Direnişin Sembolü: Sumud
Sumud—Arapça'da 'direnme', 'dayanıklılık' demek. İsmi bile hikayenin özünü anlatmaya yetiyor aslında. Bu filo sadece fiziksel yardım taşımıyor; aynı zamanda bir direniş meselesi, uluslararası dayanışmanın somut ifadesi.
Filistinli çocuklar için bekleyiş bitmek bilmiyor. Her sabah uyandıklarında aynı soru: "Bugün gelecekler mi?" diye. Bu bekleyiş öyle sıradan bir beklenti değil—hayatta kalma mücadelesinin ta kendisi.
Uluslararası Toplum Ne Yapıyor?
Dünyanın dört bir yanından aktivistler, insan hakları savunucuları ve sıradan vatandaşlar bu projeye destek veriyor. Kimi cebindeki son kuruşu bağışlıyor, kimi sosyal medyada ses olmaya çalışıyor. Ortak noktaları: Gazze'deki insanlık dramına seyirci kalmak istememeleri.

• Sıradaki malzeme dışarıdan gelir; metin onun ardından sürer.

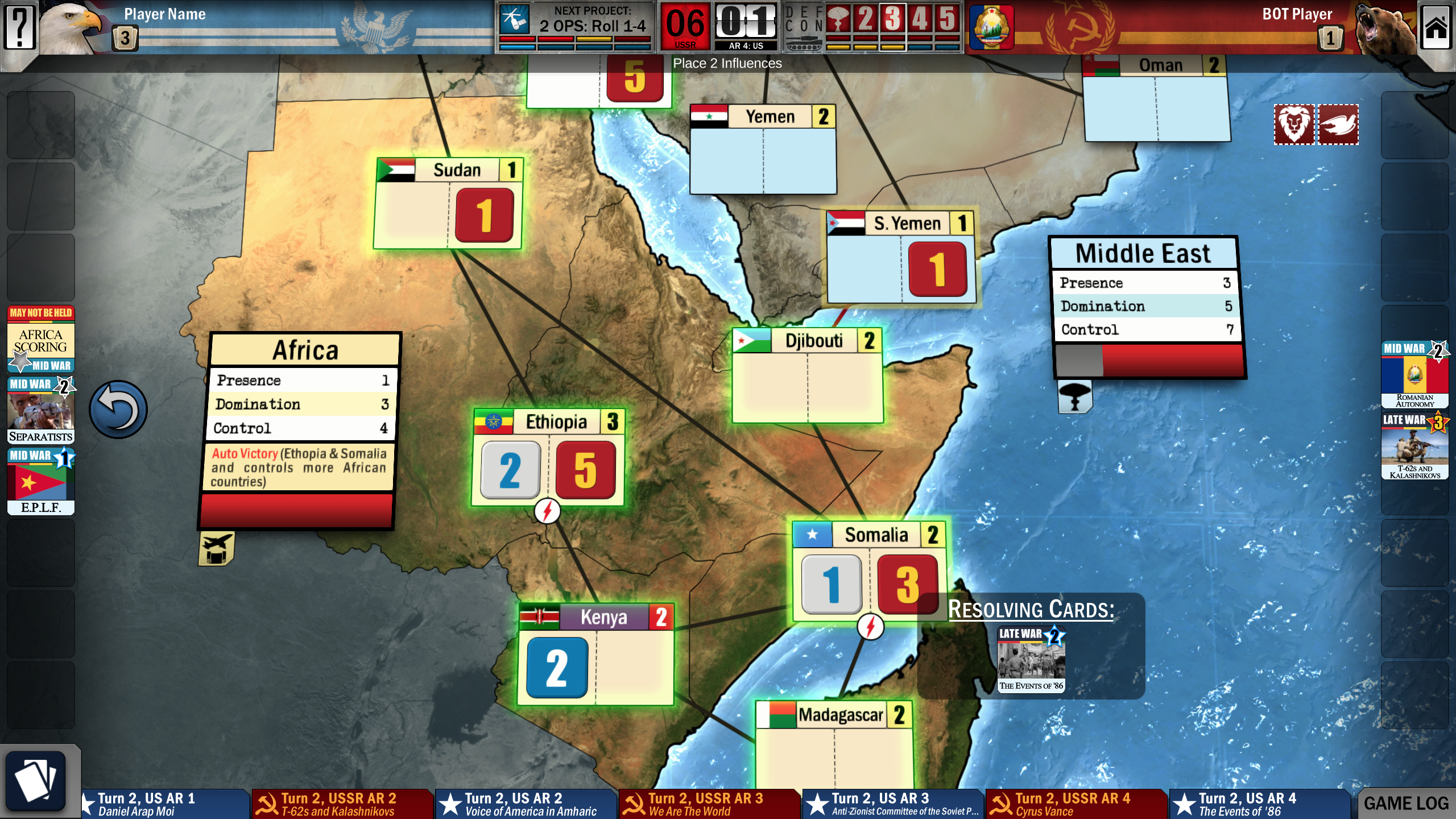 Screenshot of Twilight Struggle: Red Sea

Aslında durup düşününce, bu filo sadece yardım taşımıyor. Aynı zamanda dünyaya şu mesajı veriyor: "Siz ne yaparsanız yapın, biz insanlığımızı kaybetmedik!"
Gazze'de yaşamak—kelimelerle anlatılması güç bir deneyim. Elektrik kesintileri, temiz su sıkıntısı, ilaç yokluğu... Ve tüm bunların ortasında çocuklar, hâlâ gülmeyi, oynamayı, umut etmeyi biliyor. İnsanın içini acıtan bir direniş bu.
Çocuk Gözüyle Umut
12 yaşındaki Leyla, filonun gelişini bir çizim defterine resmetmiş. Mavi denizde renkli tekneler, gülen yüzler, paketler içinde yardımlar... Çocuk hayali işte—savaşın bile silemediği masumiyet.

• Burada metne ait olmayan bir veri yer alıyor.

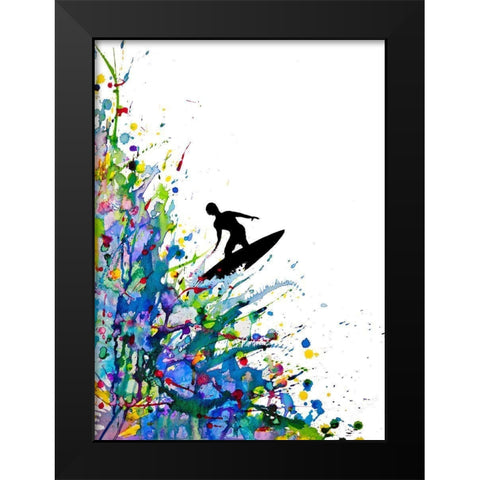 A Pollocks Point Break Black Modern Wood Framed Art Print by Allante, Marc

"En çok ne istiyorsun?" diye sorduğumda tereddütsüz cevap veriyor: "Normal bir hayat." Ne kadar basit, değil mi? Ama Gazze için en büyük lüks bu.
Sumud Filosu'nun yolculuğu hiç de kolay değil. Uluslararası sular, diplomatik engeller, güvenlik endişeleri... Tüm bu zorluklara rağmen yola çıkıyorlar. Neden mi? Çünkü orada, bir avuç toprak parçasında, onları bekleyen binlerce çocuk var.
Belki de en çarpıcı olanı: Bu çocuklar dünyanın geri kafının unuttuğu insanlık dersini bize yeniden hatırlatıyor. Dayanışmayı, direnci, umudu...
Sumud Filosu sadece bir yardım gemisi değil—insanlığın test edildiği bir sembol. Ve Gazze'nin çocukları, bu testten alnının akıyla çıkıyor. Geriye kalan soru şu: Biz ne yapacağız?